- Provided material
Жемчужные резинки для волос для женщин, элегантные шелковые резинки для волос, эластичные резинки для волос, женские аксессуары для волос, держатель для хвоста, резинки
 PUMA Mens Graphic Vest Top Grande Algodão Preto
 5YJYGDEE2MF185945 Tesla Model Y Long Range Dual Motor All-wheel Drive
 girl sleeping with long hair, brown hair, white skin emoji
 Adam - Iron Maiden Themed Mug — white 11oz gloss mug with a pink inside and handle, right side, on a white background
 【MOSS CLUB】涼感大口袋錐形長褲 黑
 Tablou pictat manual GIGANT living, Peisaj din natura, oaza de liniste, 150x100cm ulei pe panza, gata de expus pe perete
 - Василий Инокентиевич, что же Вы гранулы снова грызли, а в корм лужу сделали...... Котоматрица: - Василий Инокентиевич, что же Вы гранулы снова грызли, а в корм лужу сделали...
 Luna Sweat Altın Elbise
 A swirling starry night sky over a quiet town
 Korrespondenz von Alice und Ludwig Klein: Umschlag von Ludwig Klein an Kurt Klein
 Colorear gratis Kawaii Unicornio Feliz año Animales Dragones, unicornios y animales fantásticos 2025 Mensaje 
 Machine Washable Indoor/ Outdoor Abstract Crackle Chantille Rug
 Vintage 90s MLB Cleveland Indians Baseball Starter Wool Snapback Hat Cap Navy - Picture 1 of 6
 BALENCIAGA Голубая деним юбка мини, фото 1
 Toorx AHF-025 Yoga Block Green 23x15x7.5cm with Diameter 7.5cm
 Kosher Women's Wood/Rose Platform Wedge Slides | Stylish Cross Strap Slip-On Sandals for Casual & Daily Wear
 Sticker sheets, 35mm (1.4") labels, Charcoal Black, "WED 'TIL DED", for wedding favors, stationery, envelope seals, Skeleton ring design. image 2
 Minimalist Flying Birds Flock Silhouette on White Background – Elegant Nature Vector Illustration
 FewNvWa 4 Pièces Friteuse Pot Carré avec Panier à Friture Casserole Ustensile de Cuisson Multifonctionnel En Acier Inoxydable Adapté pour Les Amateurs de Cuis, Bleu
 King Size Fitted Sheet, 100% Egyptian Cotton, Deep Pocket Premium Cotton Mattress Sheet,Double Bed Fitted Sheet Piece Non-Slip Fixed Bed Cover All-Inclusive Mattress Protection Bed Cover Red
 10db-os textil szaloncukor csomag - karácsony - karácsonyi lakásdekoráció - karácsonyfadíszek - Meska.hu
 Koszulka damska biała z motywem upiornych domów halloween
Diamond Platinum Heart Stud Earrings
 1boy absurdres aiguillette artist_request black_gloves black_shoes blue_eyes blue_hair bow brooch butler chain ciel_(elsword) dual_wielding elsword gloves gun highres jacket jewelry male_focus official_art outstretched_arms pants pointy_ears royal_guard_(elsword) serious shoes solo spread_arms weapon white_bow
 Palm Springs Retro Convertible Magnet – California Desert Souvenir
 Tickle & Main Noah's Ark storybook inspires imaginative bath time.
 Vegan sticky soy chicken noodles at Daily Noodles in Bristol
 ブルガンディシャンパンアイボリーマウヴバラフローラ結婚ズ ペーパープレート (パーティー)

- Work to be completed
Give the lines of the material above again, exactly, from its first line through the line that contains "Koszulka damska biała" and no further.

- Answer to this problem
Жемчужные резинки для волос для женщин, элегантные шелковые резинки для волос, эластичные резинки для волос, женские аксессуары для волос, держатель для хвоста, резинки
 PUMA Mens Graphic Vest Top Grande Algodão Preto
 5YJYGDEE2MF185945 Tesla Model Y Long Range Dual Motor All-wheel Drive
 girl sleeping with long hair, brown hair, white skin emoji
 Adam - Iron Maiden Themed Mug — white 11oz gloss mug with a pink inside and handle, right side, on a white background
 【MOSS CLUB】涼感大口袋錐形長褲 黑
 Tablou pictat manual GIGANT living, Peisaj din natura, oaza de liniste, 150x100cm ulei pe panza, gata de expus pe perete
 - Василий Инокентиевич, что же Вы гранулы снова грызли, а в корм лужу сделали...... Котоматрица: - Василий Инокентиевич, что же Вы гранулы снова грызли, а в корм лужу сделали...
 Luna Sweat Altın Elbise
 A swirling starry night sky over a quiet town
 Korrespondenz von Alice und Ludwig Klein: Umschlag von Ludwig Klein an Kurt Klein
 Colorear gratis Kawaii Unicornio Feliz año Animales Dragones, unicornios y animales fantásticos 2025 Mensaje 
 Machine Washable Indoor/ Outdoor Abstract Crackle Chantille Rug
 Vintage 90s MLB Cleveland Indians Baseball Starter Wool Snapback Hat Cap Navy - Picture 1 of 6
 BALENCIAGA Голубая деним юбка мини, фото 1
 Toorx AHF-025 Yoga Block Green 23x15x7.5cm with Diameter 7.5cm
 Kosher Women's Wood/Rose Platform Wedge Slides | Stylish Cross Strap Slip-On Sandals for Casual & Daily Wear
 Sticker sheets, 35mm (1.4") labels, Charcoal Black, "WED 'TIL DED", for wedding favors, stationery, envelope seals, Skeleton ring design. image 2
 Minimalist Flying Birds Flock Silhouette on White Background – Elegant Nature Vector Illustration
 FewNvWa 4 Pièces Friteuse Pot Carré avec Panier à Friture Casserole Ustensile de Cuisson Multifonctionnel En Acier Inoxydable Adapté pour Les Amateurs de Cuis, Bleu
 King Size Fitted Sheet, 100% Egyptian Cotton, Deep Pocket Premium Cotton Mattress Sheet,Double Bed Fitted Sheet Piece Non-Slip Fixed Bed Cover All-Inclusive Mattress Protection Bed Cover Red
 10db-os textil szaloncukor csomag - karácsony - karácsonyi lakásdekoráció - karácsonyfadíszek - Meska.hu
 Koszulka damska biała z motywem upiornych domów halloween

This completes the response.